The study did not look at whether sex or gender were congruent or incongruent in any study participant. Instead, it looked at the child’s binary sex and gender on self-reported and parent-reported measures. The study was unable to provide any specific findings if sex and gender were incongruent.

“Moving forward, the hope is that we can motivate other scientists to consider science and gender in their analyses of data collection in their programs and research,” said study co-author Dr. Avram Holmes, an associate professor of psychiatry at Rutgers University.

The field of neuroscience has only just begun to recognize and address the presence of biases and barriers to inclusion in research, Holmes said.

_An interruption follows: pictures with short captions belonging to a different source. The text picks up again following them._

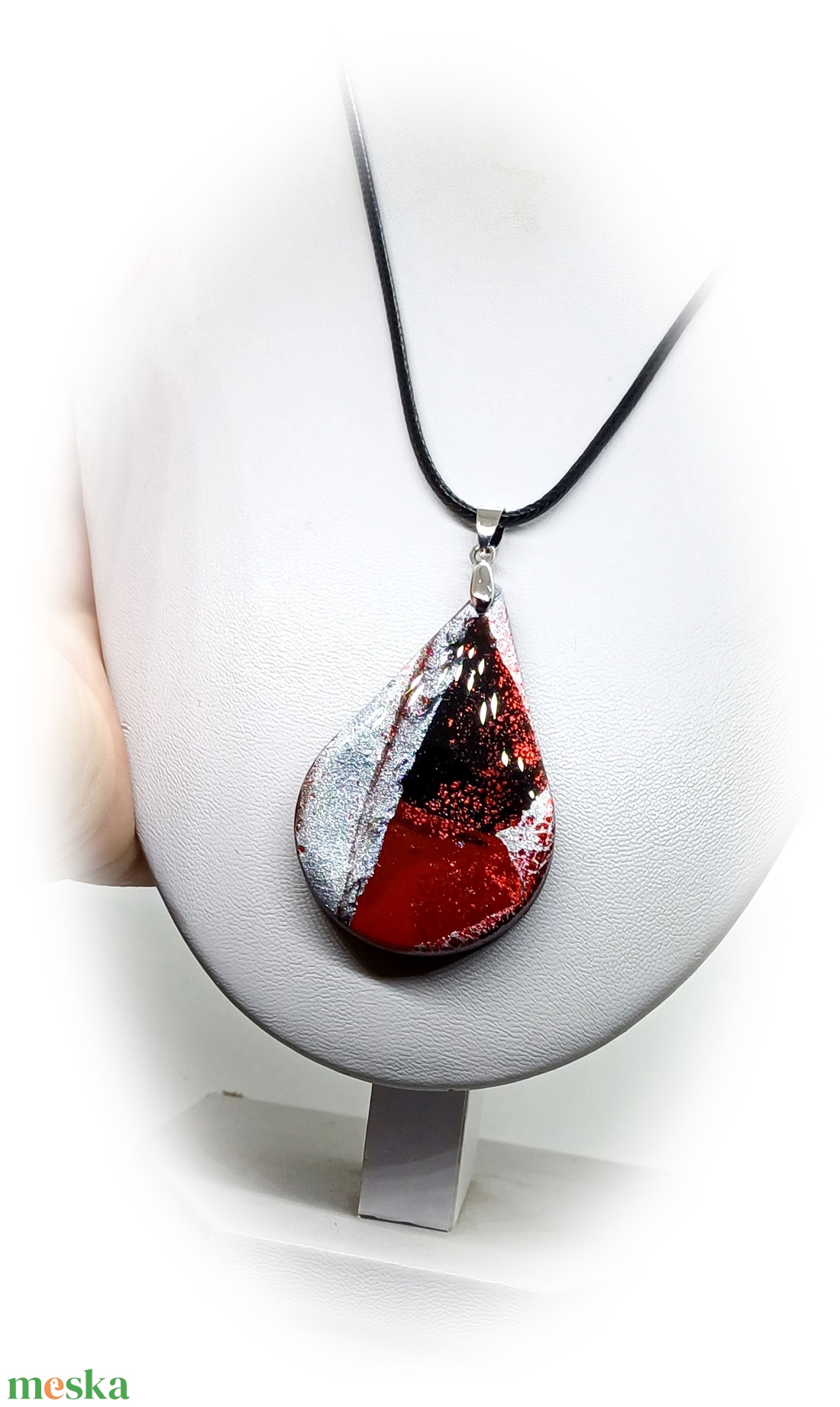 Piros-fekete-ezüst absztrakt mintás nyaklánc - ékszer - nyaklánc - medálos nyaklánc - Meska.hu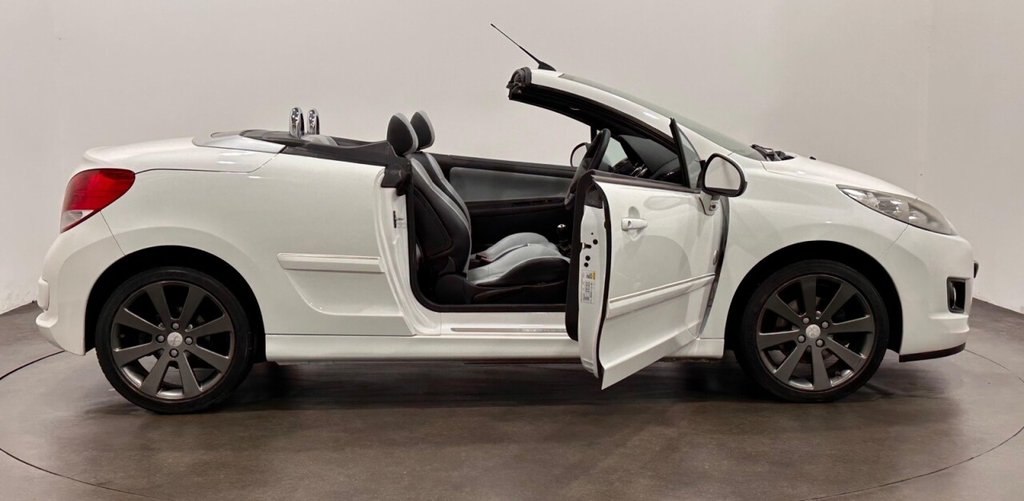 Used Peugeot 207 2014 for sale - 76345485: Photo 8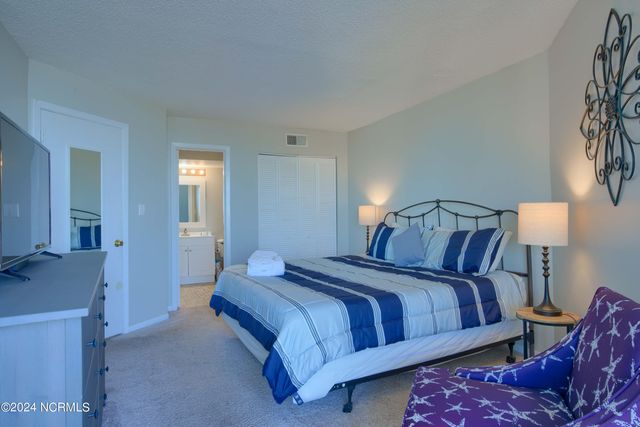 2000 New River Inlet Road 1305, North Topsail Beach, NC 28460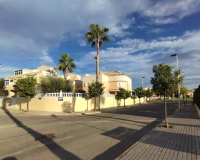 Herverkoop - Villa -
Torrevieja - La Siesta - El Salado - Torreta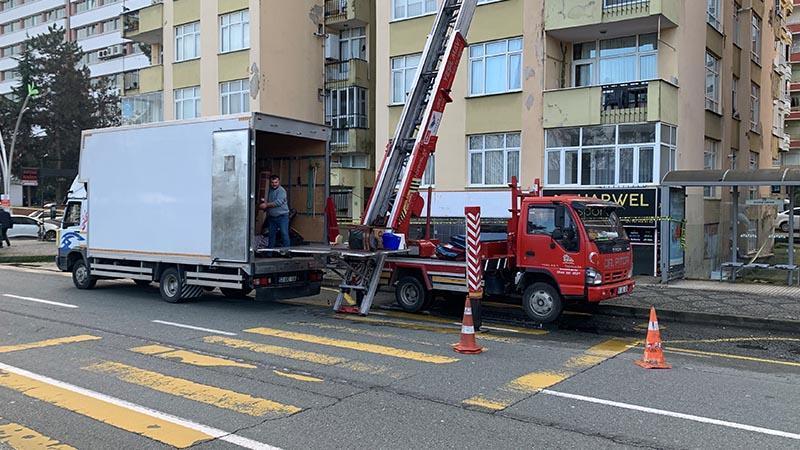 Rize’de fırtına sonrası mühürlenen 8 katlı binada oturan aileler taşınıyor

A more complete understanding of how the brain works in terms of sex and gender could also have practical implications and potentially help scientists find better ways to treat people with brain-related diseases. For example, the study highlighted how people assigned male at birth are more likely to be diagnosed with substance use and attention deficit disorders.

“It’s not that sex and gender necessarily drive disease rates, but the cultures in which people are raised can also influence whether or not they’re likely to develop a particular disease,” Holmes said. “So the types of environmental pressures a child experiences throughout development can increase or decrease their risk of disease, regardless of their early brain biology.”